It is most unbelievable that a big and powerful industry like ours should quiver and quake so spinelessly when confronted with an obvious shakedown such as it has been subjected to in the past year or two by the video magnates and their political gang in Washington. When the FCC, one year ago, issued its blatant and unveiled threat against our industry ordaining that the film companies must furnish their choice pictures and talent to the TV networks for the profit of the beer, soap and cereal hucksters, the entire movie industry should have roared back with a demand for an investigation into the sources of the pressure that must have been brought to bear upon the FCC. It is doubtful if there was ever in the history of our country a more immoral dictum handed down by an agency of our Government.
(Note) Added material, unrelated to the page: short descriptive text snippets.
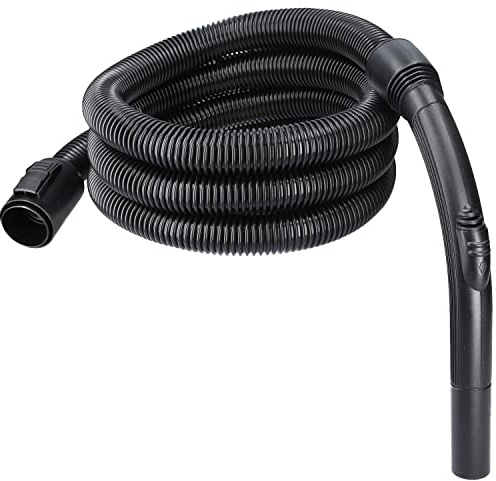 McFilter 2-5m div Längen Saugschlauch kompatibel mit Kärcher Staubsauger | Passend für Kärcher Serie A WD1 WD2 WD3 WD4 WD5 WD6 WD7 und DS Nass- & Trockensauger. Inkl. Handgriff als Ersatzschlauch, 4m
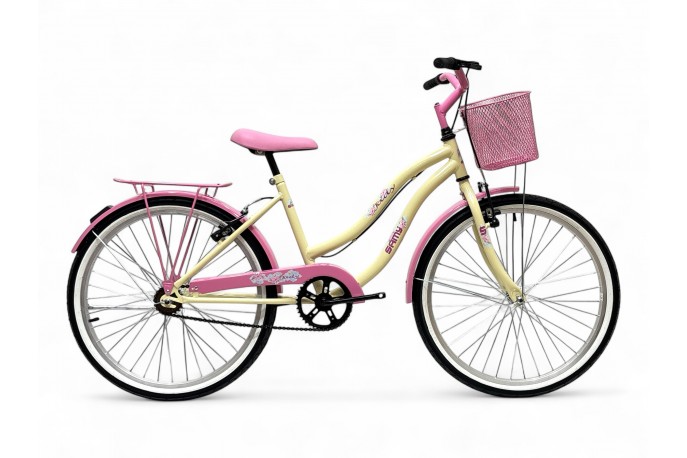 Bicicleta 24 Feminina Jady Bege...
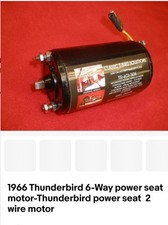 1966 Ford Thunderbird Front Seat Motor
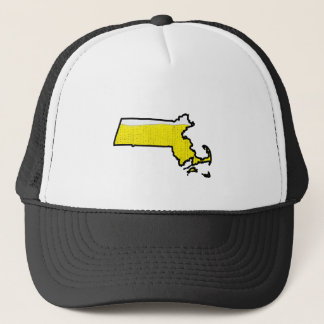 Casquette de camionneur d'état du Massachusetts -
What it amounted to was a fiat to the motion picture industry to commit suicide.
By responding in equivocal, compromising tones, the film people invited the kind of shabby treatment they have been receiving in the current FCC hearings on applications for television channels. Some of the blame for this situation must be placed right on the doorstep of those film executives who have felt that their future welfare will be best served bv playing footsie with the television interests. Hearing these film men talk out of both sides of their mouths at the same time has encouraged the McDonalds, and the Sarnoffs and the Folsoms to engage in all sorts of bulldozing tactics.
Let's get the record straight and act accordingly:
• Television needs films desperately.
• Television faces the serious prospect of being overwhelmed by the cost problem in an effort to get films for their entertainment-hungry channels.
• Television cannot begin to pay now. or in the foreseeable future, for even half decent feature films.
• If the motion picture studios were to divert their product from theatres to the TV field, they would be reduced to a comparative penny-ante business.
The video industry will undoubtedly find means of overcoming its own problems. If it needs 15 or 30-minute film subjects, or even of one-hour length, there will doubtless be plenty of outfits available to produce them within the price limitations of the medium. But it has no right to expect, much less demand, that the established movie industry turn over its multi-million dollar properties to it for a pittance so that it can sell its commercial time.
No law is written on the statute books of the United States that requires an industry to destroy itself merely to foster the growth of another commercial enterprise. If the Federal Communications Commission is willing to risk the obloquy of its stand, we should force into the light of public and judicial scrutiny the true intent and the effect of its actions.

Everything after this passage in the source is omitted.